- _AIM OF THE TASK_
Copying rule for the data below: pictures stay out, and only the lines from the one with "BN3TH Classic Icon Boxer with fly in black" down to the one with "Topographic Map of Laros (historical), PA", inclusive, are repeated exactly.

- _EXERCISE INPUT_

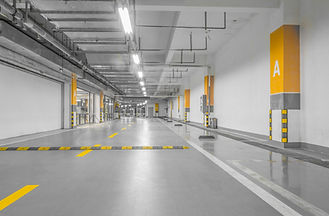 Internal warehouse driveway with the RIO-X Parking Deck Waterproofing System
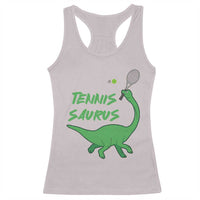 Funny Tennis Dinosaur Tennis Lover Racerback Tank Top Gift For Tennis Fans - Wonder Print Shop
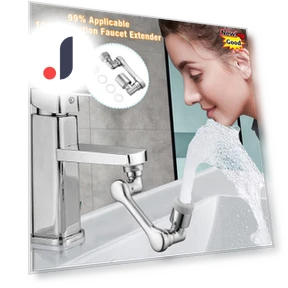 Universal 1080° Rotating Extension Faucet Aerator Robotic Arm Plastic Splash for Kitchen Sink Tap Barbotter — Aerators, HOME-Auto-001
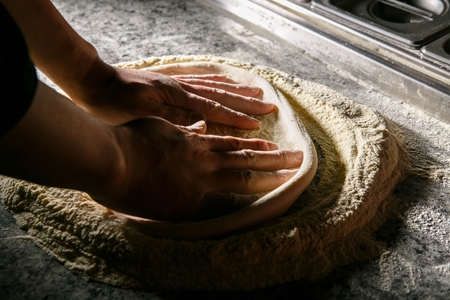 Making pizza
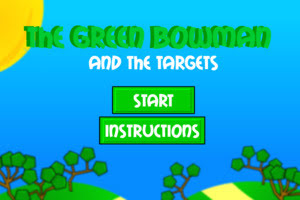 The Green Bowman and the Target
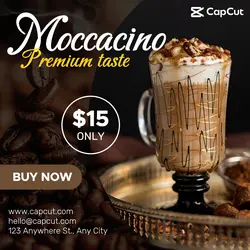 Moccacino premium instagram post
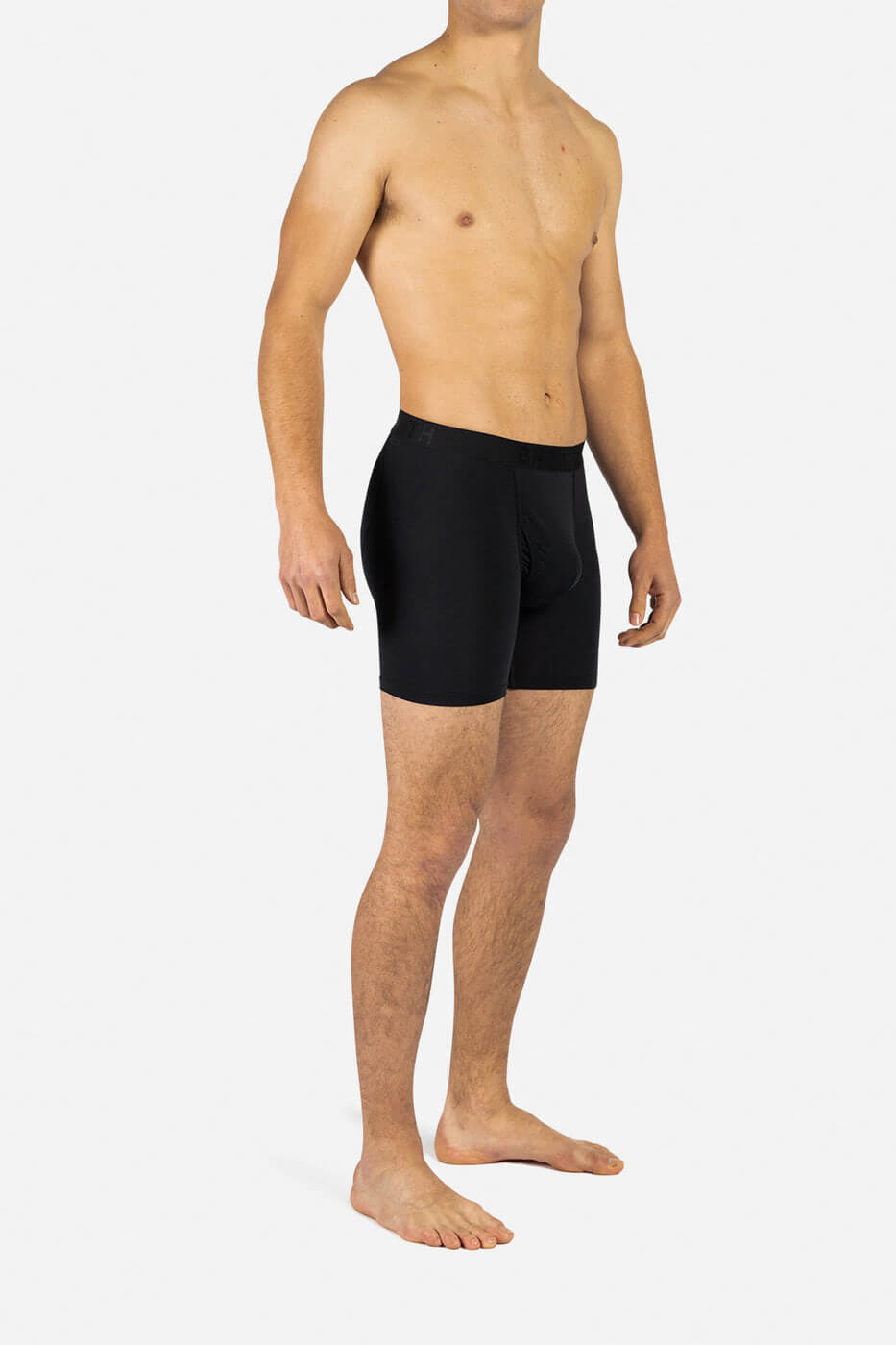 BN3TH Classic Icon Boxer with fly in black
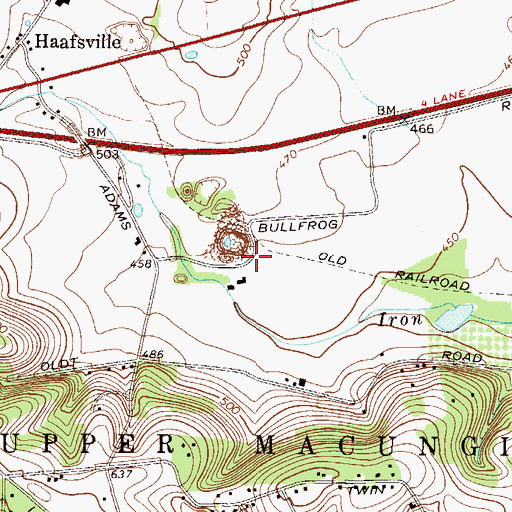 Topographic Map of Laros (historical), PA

==

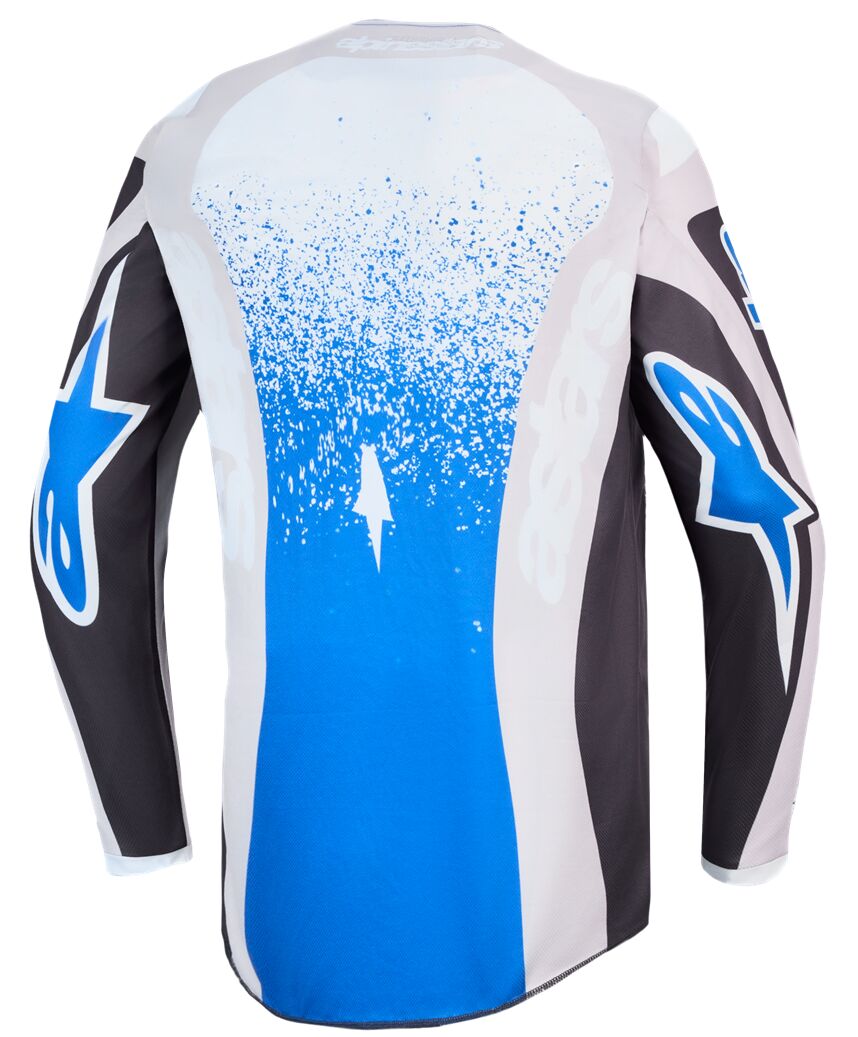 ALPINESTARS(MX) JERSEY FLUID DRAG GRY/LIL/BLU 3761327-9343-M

--

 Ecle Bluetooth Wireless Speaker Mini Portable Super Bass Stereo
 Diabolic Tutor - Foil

- _ANSWER SECTION_
 BN3TH Classic Icon Boxer with fly in black
 Topographic Map of Laros (historical), PA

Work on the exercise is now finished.